Sometimes the best way to see game is to let it come to you. Breakfast on a sand bank in Stigler's Gorge watching elusive monkey-hunting crowned eagles, and listening to shrill cires of Hyraxes as you dangle a hook in the water. Or lunch in the deep shade of palm trees, watching the comings and goings on a lake shore. Half watching, half reading a book, and perhaps even dozing off.
Walking in the Selous has more to do with state of mind than the state of your body. It's about an approach to game viewing - a receptiveness that's just hard to get in a vehicle - rather than a question of fitness.
Since Richard Bonham first came this way on his walking safaris in the 80's, to us the Selous has always been synonymous with being on foot. But it's never about distance, or "hiking." Time on foot is an opportunity to engage your senses and this is something you'll quickly pick up on as we leave camp - accompanied by an armed ranger - in the cool of the early morning or late afternoon.
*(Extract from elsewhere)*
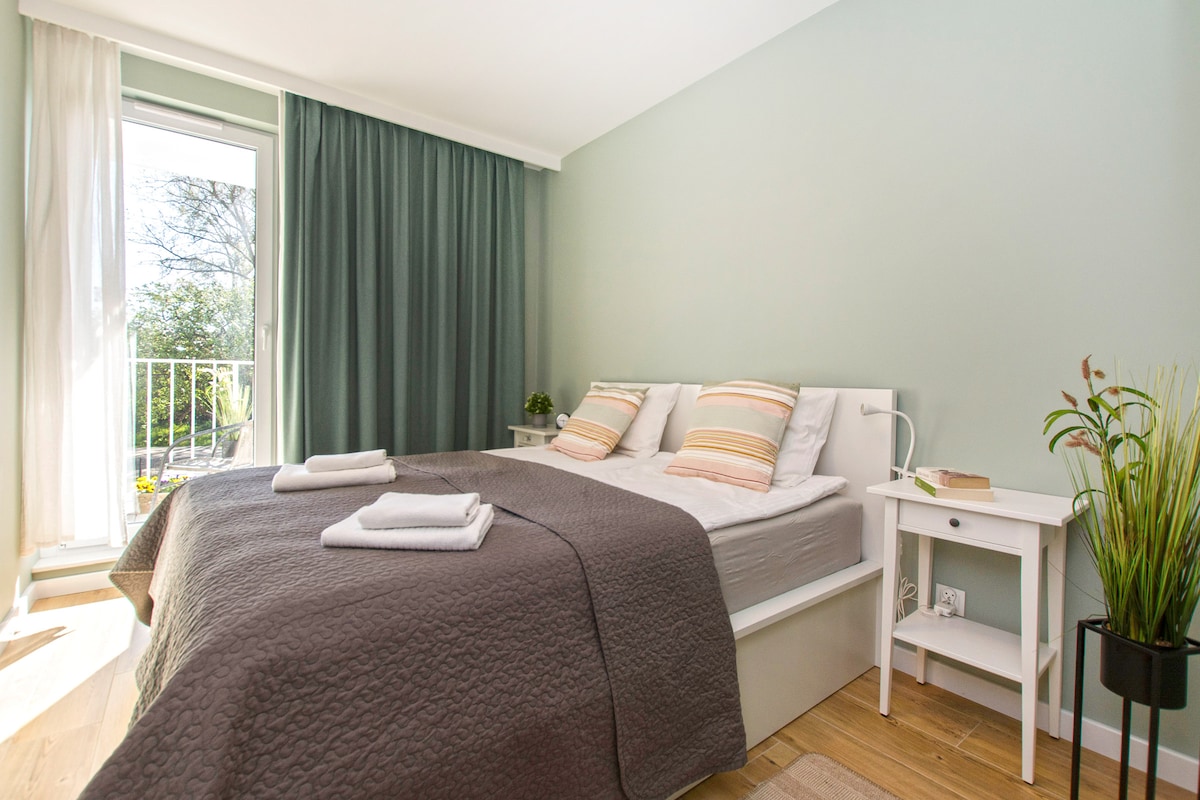 A spacious sleeping area features a double bed with gray bedding and decorative pillows. Natural light floods in through a glass door leading to a balcony, with green curtains partially drawn. A small bedside table and a potted plant enhance the space.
The best walks are those where you travel at a gentle pace and probably don't cover much distance - a few kilometres in an hour - stopping often to listen and look.
Learning even a few of the myriad bird calls can be deeply satisfying, finding and identifying fresh tracks brings with it a sense of expectation and suspense. Nowhere is it truer that to travel is as rewarding as to arrive.
And when you do arrive in the softening evening light, there can be few things as exciting and plain different from every day "modern life" as our flycamp.
This is a peculiarly East African passion and the way things were done in the old days; with the minimum of fuss, but not scrimping on any of the comforts. As is so often the way, when you limit the frills, it allows you to really see what's special and what's going on around you.
Watching elephant as they pass by your camp in the moonlight, silent feet in the warm sand, or simply gazing through the mosquito net roof of your tent from the comfort of your bedroll.
We've been doing this now for close to 20 years. People's reactions vary, some find it quite emotional, others feel a child-like sense of freedom and release (one man ran round in small circles crying like a 5 year old) and of course quite a few admit to feeling a little scared.
But it's simply no exaggeration to say that in all those years, virtually nobody regrets trying this most special of experiences.
It was while leading a portered walking safari through this part of the world in the 80s that Richard stumbled upon this particular bend of the Rufiji River. Straightaway he knew he'd found somewhere special.
He'd spent months crossing the whole African continent by river and walked extensively throughout the Southern Selous, so he had some grounds for confidence in his judgement.
Building a lodge was far from his mind at that point, but when - many years later - with many more miles of the Selous under his belt, the chance came to replace his beloved old (and by that time decrepit) base camp with something a little more permanent, he knew for a fact that there was nowhere better to be.
It's been a few years now since the first stones for Sand Rivers were laid at the beginning of the 90s and much water has passed in front of the lodge since then, but we like to think that the spirit of Sand Rivers remains the same. This is somewhere that gets under the skin and rewards those with time to take things...well, a little slowly.